Reputation: 460
Using PyMongo, I'm inner joining MongoDB documents in one collection (refer_docs) with documents in another collection (test), and I want to find those documents in which the values from a field in each document of the join don't match, and I want to update those values. The refer_docs document should say that the test document it points to has the correct document type.
I can find those documents, but I'd like to do the update without looping through a list of the aggregation results and running updates one at a time.
Is there a Mongo/PyMongo method to use an aggregate pipeline as a query within an update, or to use $set within aggregate()? Or?
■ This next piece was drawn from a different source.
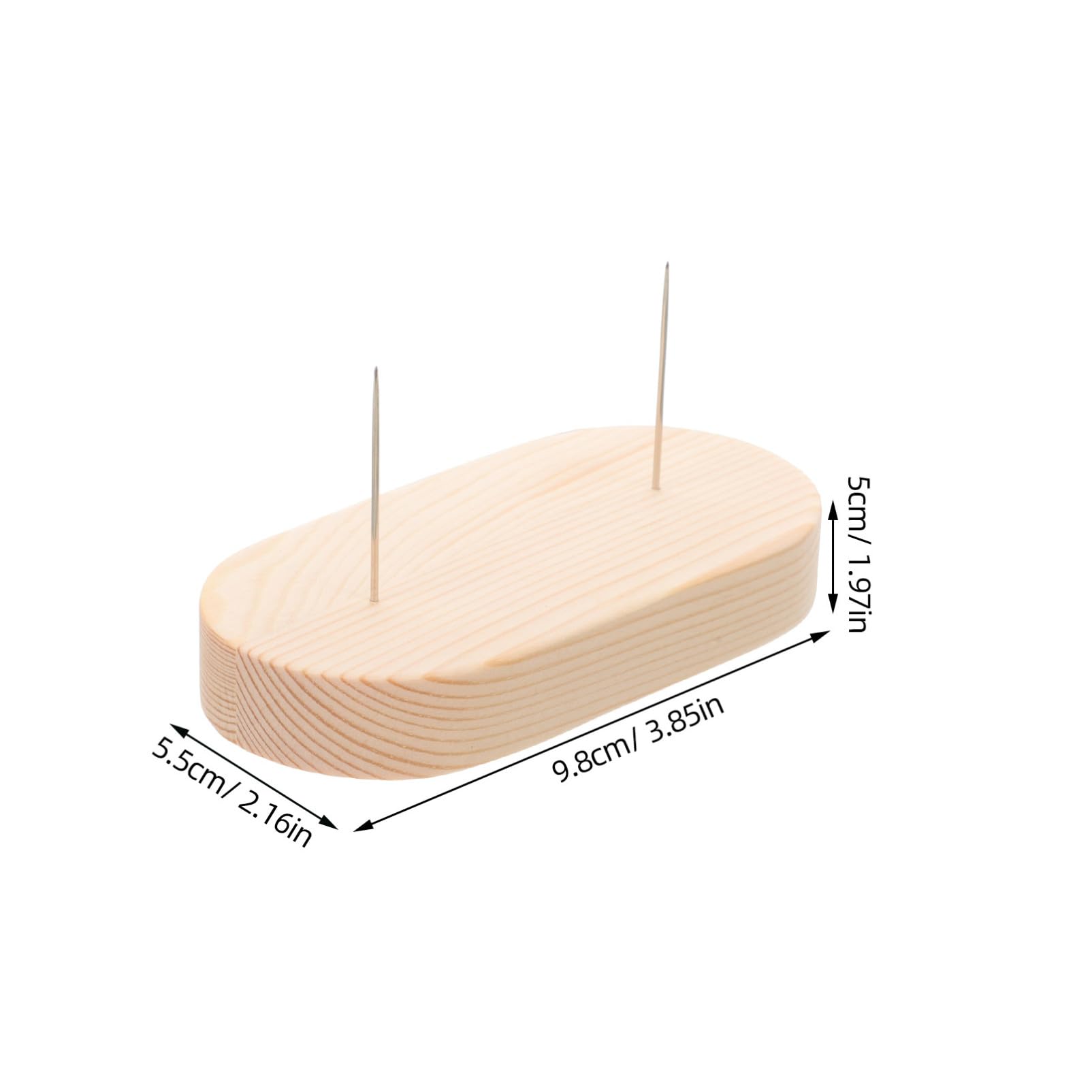 Hohopeti Wooden Base Doll Stand for Collectible Doll Display Needle Felting Stand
The pipeline starts as a join between collections with documents like the following examples:
import pymongo
mongo_client = MongoClient('localhost:27017')
osm_db = mongo_client.osm
refer_docs_col = osm_db["refer_docs"]
test_col = osm_db["test"]
# test collection:
test_col.insert_many(
[
{'_id': '611868136', 'doc_type': 'way'},
{'_id': '5792648632', 'doc_type': 'node'},
{'_id': '611868133', 'doc_type': 'node'},
{'_id': '1', 'doc_type': 'node'}
]
)
# refer_docs collection:
refer_docs_col.insert_many(
[
{'_id': '8483444',
'refs': [{'ref': '611868136', 'ref_type': 'way'},
{'ref': '5792648632', 'ref_type': 'node'},
{'ref': '611868133', 'ref_type': 'way'}],
'doc_type': 'relation'}
]
)
Now, here's the pipeline and one attempt at updating the collection, which is essentially looping through the results, and which doesn't work:
pipeline = [
{ "$unwind" : "$refs" },
{
"$lookup" : {
"from" : "test",
"localField" : "refs.ref",
"foreignField" : "_id",
"as" : "ref_doc"
}
},
{ "$match" : { "ref_doc" : { "$ne" : [] } } },
{ "$unwind" : "$ref_doc"},
{ "$project" : { "_id" : 1, "refs" : 1, "ref_doc.doc_type" : 1,
"cmp" : { "$cmp" : [ "$refs.ref_type",
"$ref_doc.doc_type" ] } } },
{ "$match" : { "cmp" : { "$ne" : 0 } } },
]
result = [
refer_docs_col.find_one_and_update( doc,
{ "$set" : { "refs.ref_type" : "$ref_doc.doc_type" } } ) \
for doc in refer_docs_col.aggregate(pipeline)
]
refer_docs_col.find_one( { "_id" : "8483444" } )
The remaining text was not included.